#### WHAT NEEDS TO BE DONE:
Your output should be the lines below from the one holding "Een moderne woonkamer" through the one holding "A panoramic shot", transcribed exactly, with no pictures.

──────── SOURCE DATA

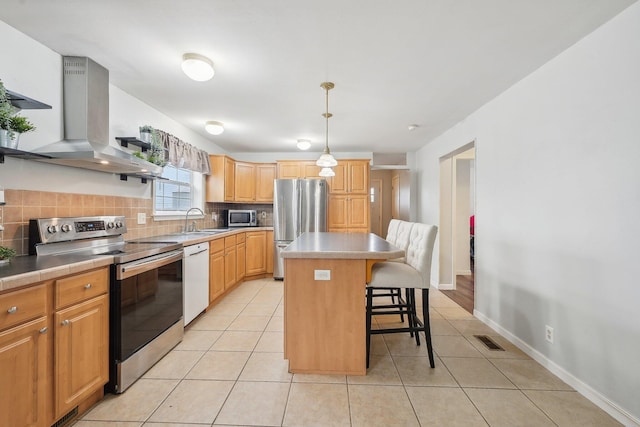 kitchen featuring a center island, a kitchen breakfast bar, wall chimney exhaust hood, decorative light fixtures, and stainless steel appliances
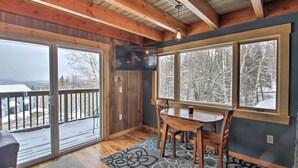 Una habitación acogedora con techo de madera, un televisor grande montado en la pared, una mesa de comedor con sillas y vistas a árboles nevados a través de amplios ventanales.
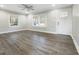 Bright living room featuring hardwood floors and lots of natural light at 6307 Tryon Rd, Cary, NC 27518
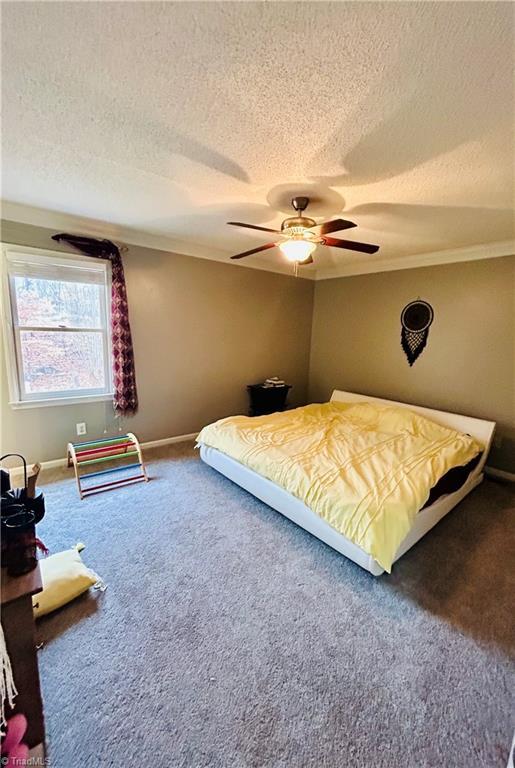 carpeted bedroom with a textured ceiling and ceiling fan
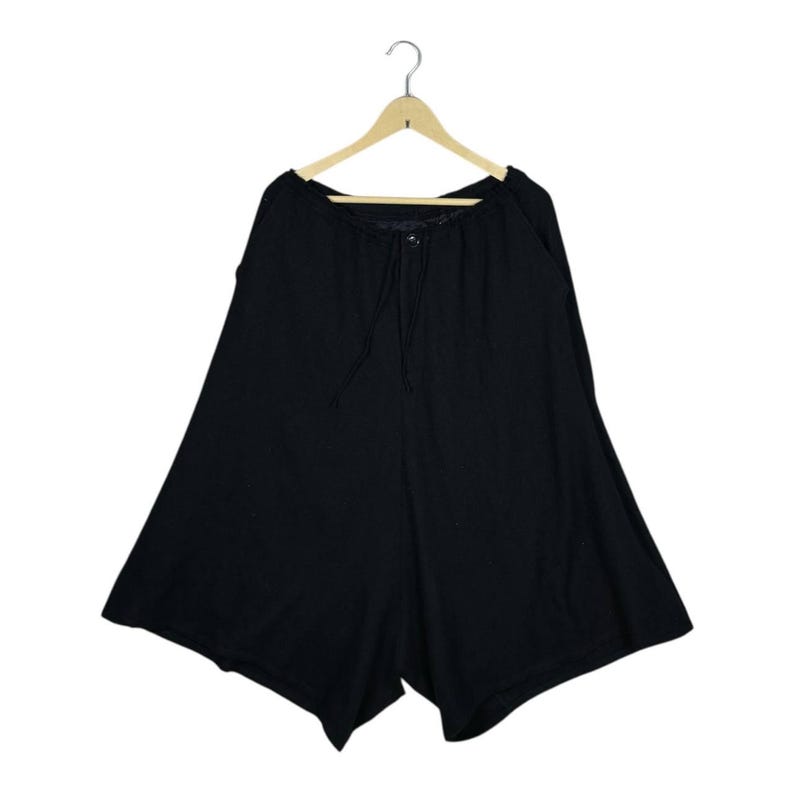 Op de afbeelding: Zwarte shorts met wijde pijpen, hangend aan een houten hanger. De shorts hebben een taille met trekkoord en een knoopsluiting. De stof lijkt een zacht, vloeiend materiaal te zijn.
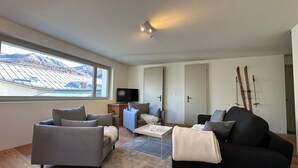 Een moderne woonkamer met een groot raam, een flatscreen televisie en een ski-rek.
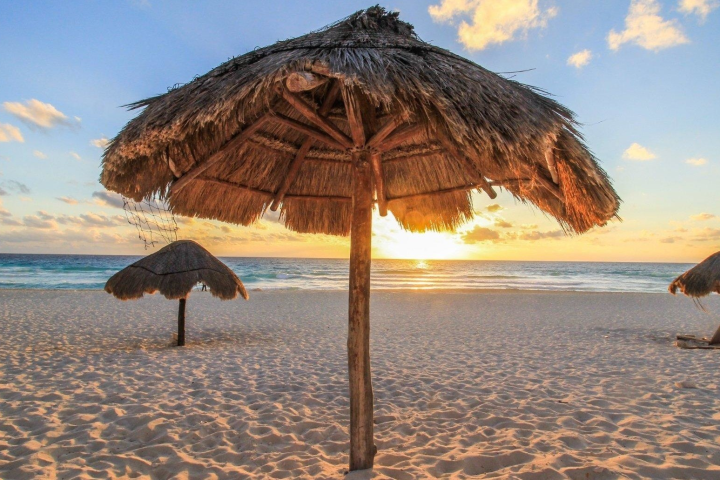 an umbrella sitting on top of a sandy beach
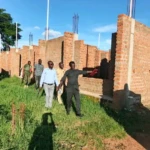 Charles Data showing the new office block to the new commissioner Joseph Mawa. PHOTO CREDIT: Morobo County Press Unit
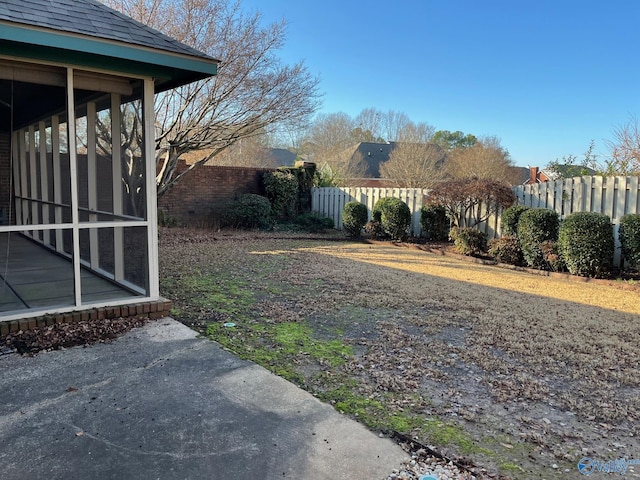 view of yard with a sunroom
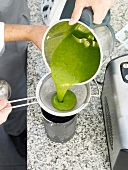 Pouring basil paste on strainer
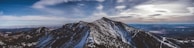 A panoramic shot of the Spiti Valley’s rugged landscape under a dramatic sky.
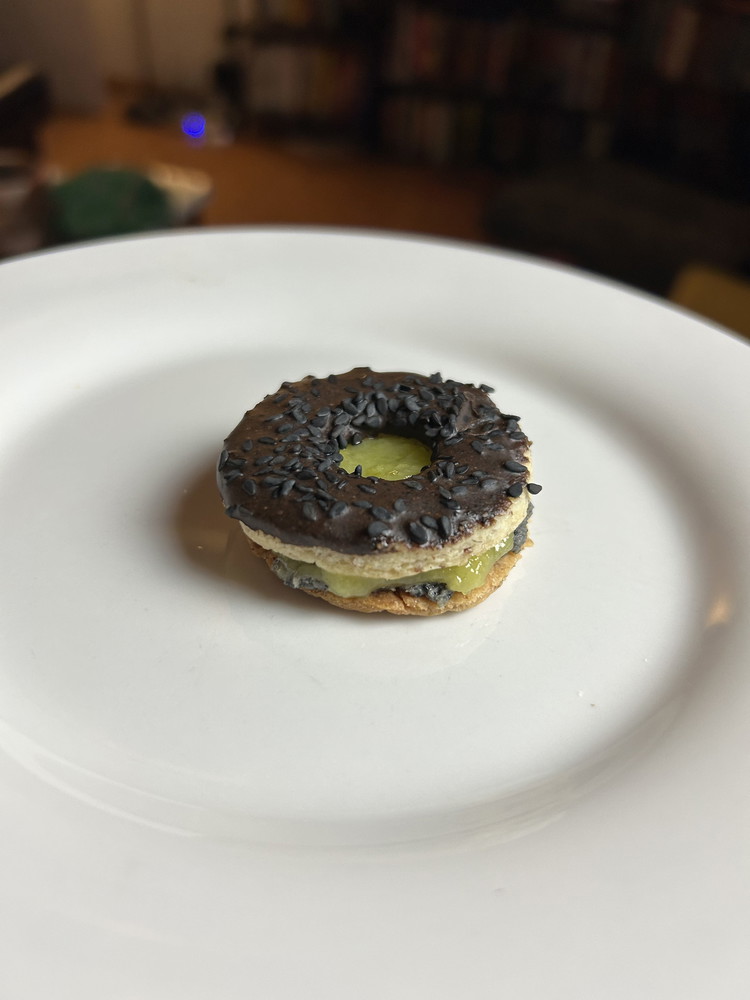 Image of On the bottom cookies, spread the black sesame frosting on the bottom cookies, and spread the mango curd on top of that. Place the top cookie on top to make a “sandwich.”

────────────────
──────── SOURCE DATA

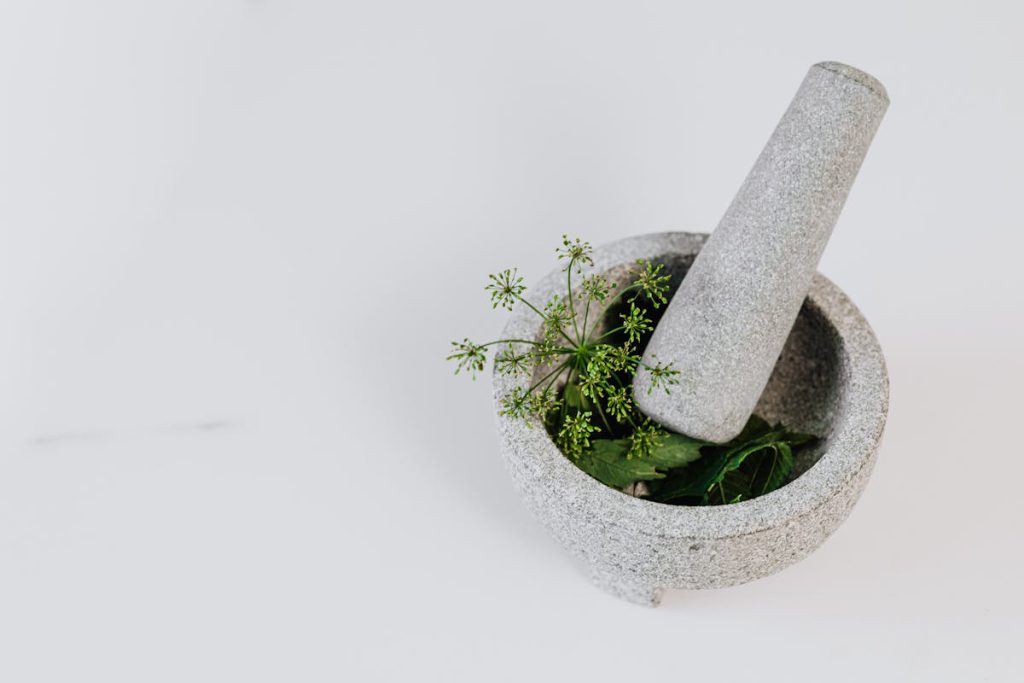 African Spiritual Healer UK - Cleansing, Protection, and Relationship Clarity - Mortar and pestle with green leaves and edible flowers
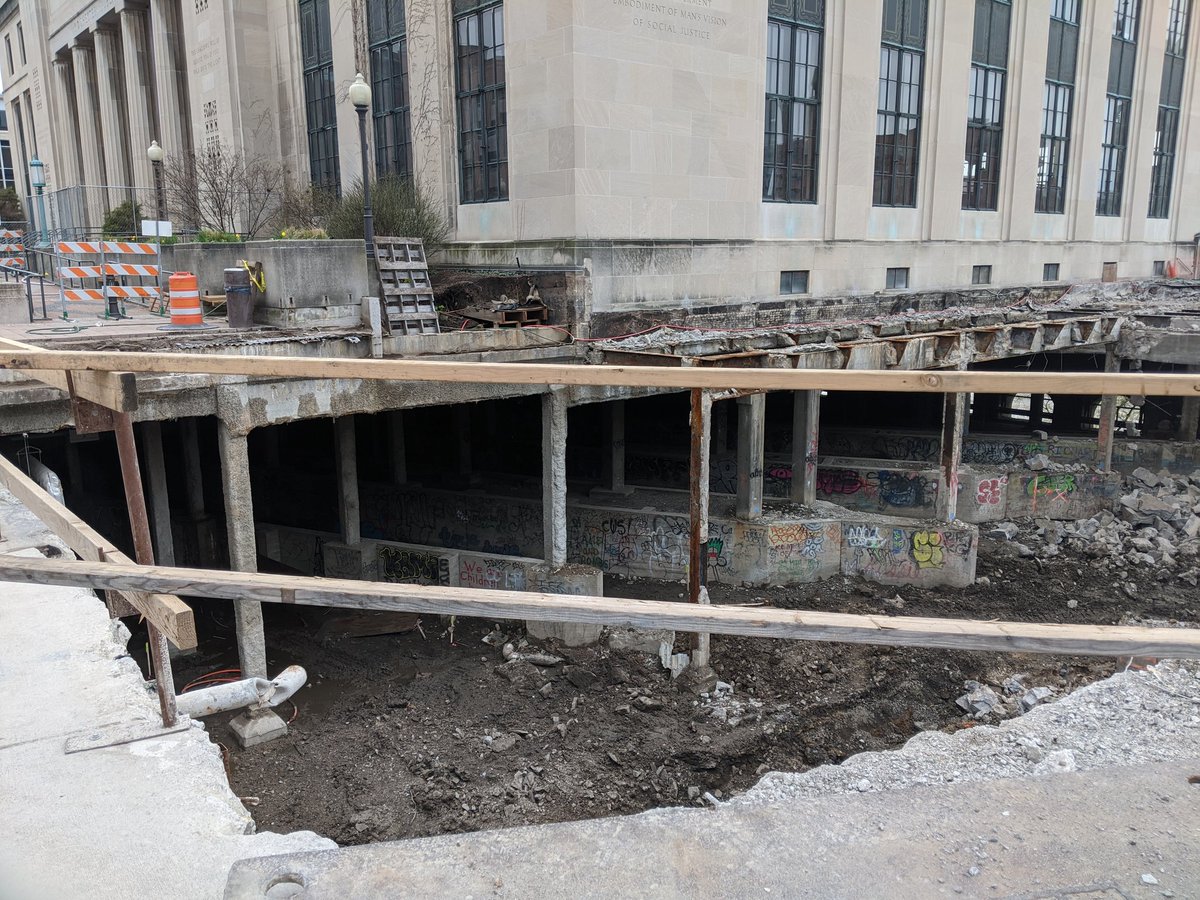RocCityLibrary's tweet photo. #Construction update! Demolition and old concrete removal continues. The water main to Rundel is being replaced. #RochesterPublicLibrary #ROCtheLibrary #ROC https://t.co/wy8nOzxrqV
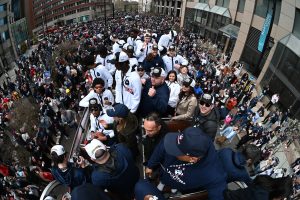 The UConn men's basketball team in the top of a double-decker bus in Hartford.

────────────────

#### EXERCISE SOLUTION:
 Een moderne woonkamer met een groot raam, een flatscreen televisie en een ski-rek.
 an umbrella sitting on top of a sandy beach
 Charles Data showing the new office block to the new commissioner Joseph Mawa. PHOTO CREDIT: Morobo County Press Unit
 view of yard with a sunroom
 Pouring basil paste on strainer
 A panoramic shot of the Spiti Valley’s rugged landscape under a dramatic sky.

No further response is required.